Pictures with short captions:
────────

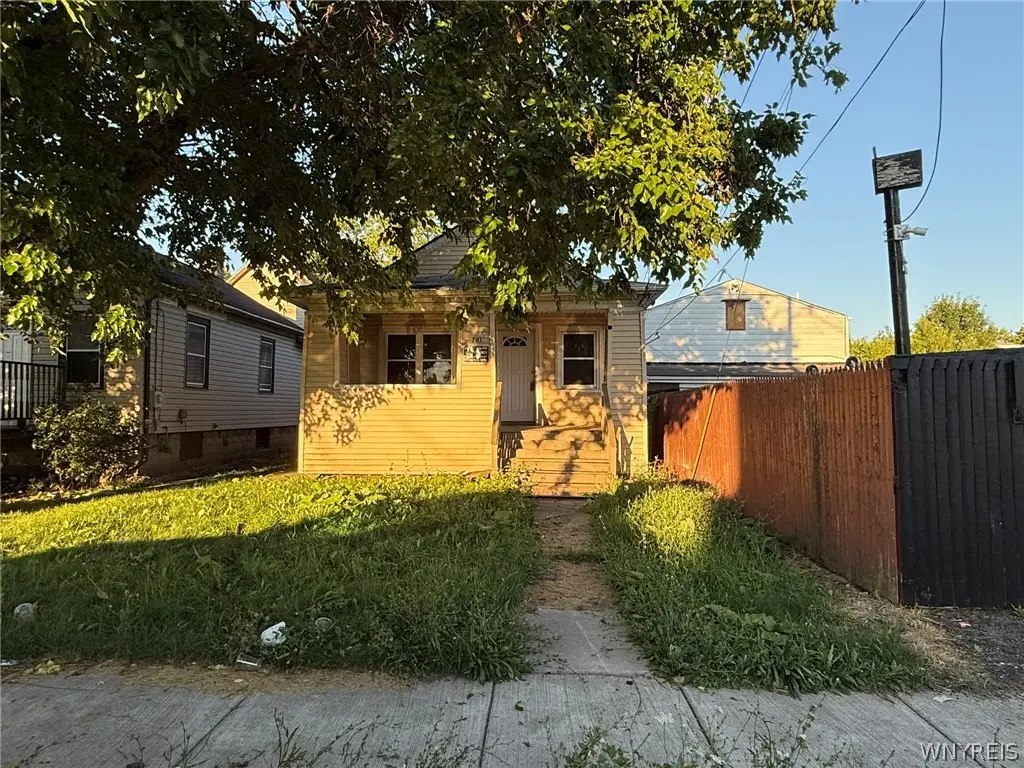 741 19th Street, Niagara Falls, NY 14301 - #1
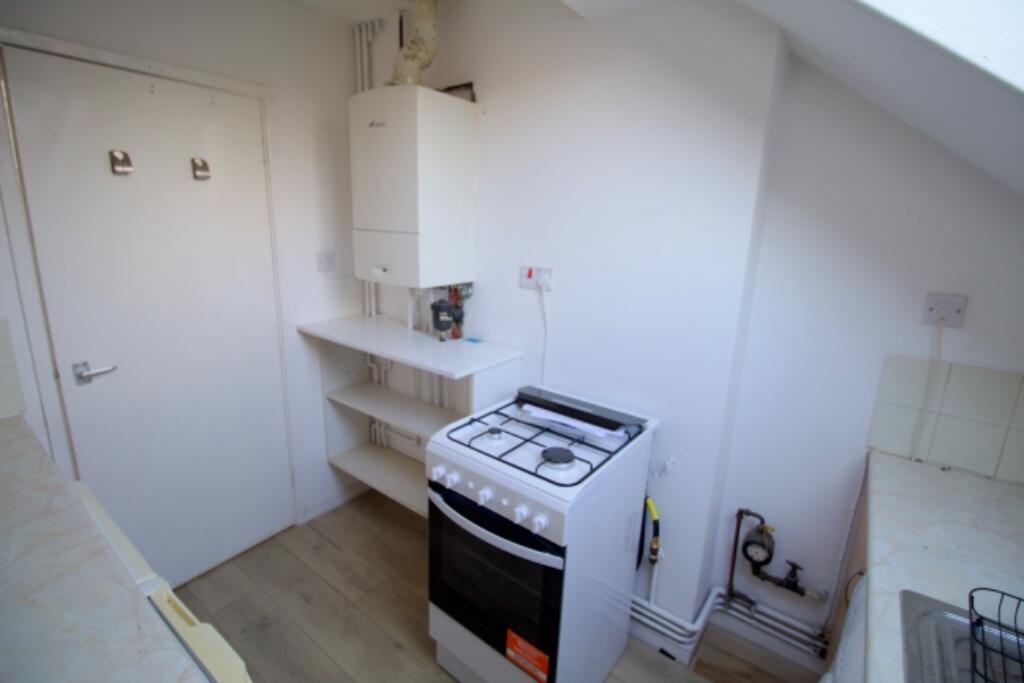 Additional property image - Malefant Street, Cathays, Cardiff(City), CF24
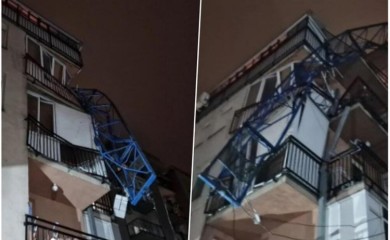 Olujni vjetar zabio kran u zgradu, stanari u šoku (FOTO)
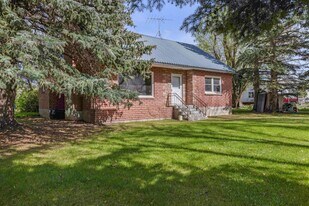 488 Teton Hwy in St Anthony, ID - Building Photo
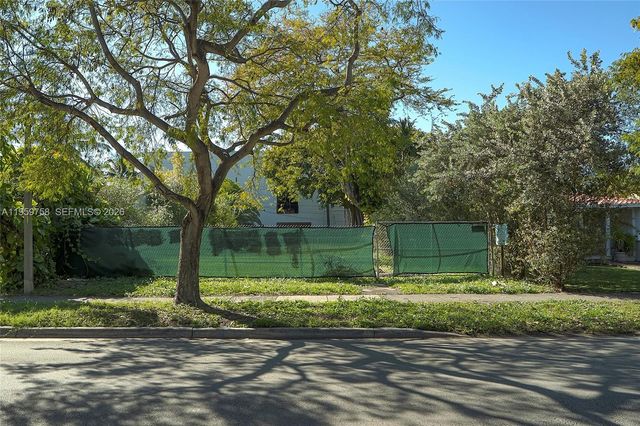 1728 Lenox Ave, Miami Beach, FL 33139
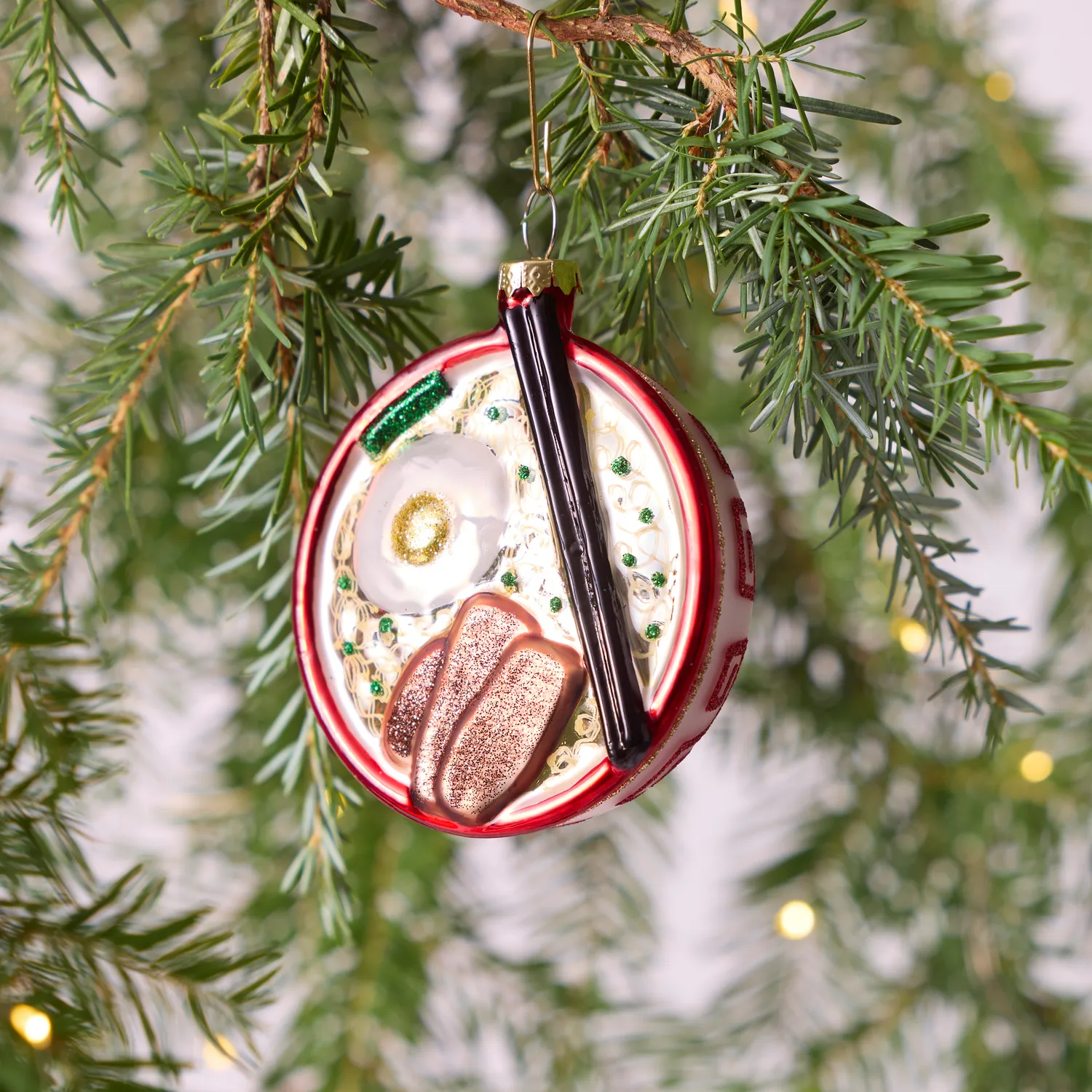 Sur la table Ramen Ornament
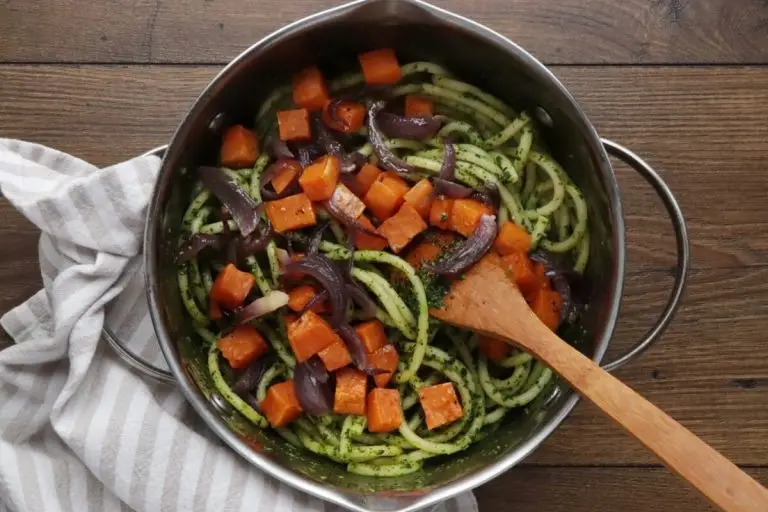 Bucatini with Winter Pesto and Sweet Potatoes recipe - step 7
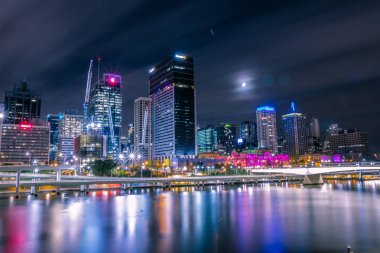 Brisbane, Avustralya akşam şehrin manzarası üzerinde kıyıya yakın yerde su genişlik aydınlatılmış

────────

Give every entry back unchanged, with no pictures.

_Result of this exercise:_
 741 19th Street, Niagara Falls, NY 14301 - #1
 Additional property image - Malefant Street, Cathays, Cardiff(City), CF24
 Olujni vjetar zabio kran u zgradu, stanari u šoku (FOTO)
 488 Teton Hwy in St Anthony, ID - Building Photo
 1728 Lenox Ave, Miami Beach, FL 33139
 Sur la table Ramen Ornament
 Bucatini with Winter Pesto and Sweet Potatoes recipe - step 7
 Brisbane, Avustralya akşam şehrin manzarası üzerinde kıyıya yakın yerde su genişlik aydınlatılmış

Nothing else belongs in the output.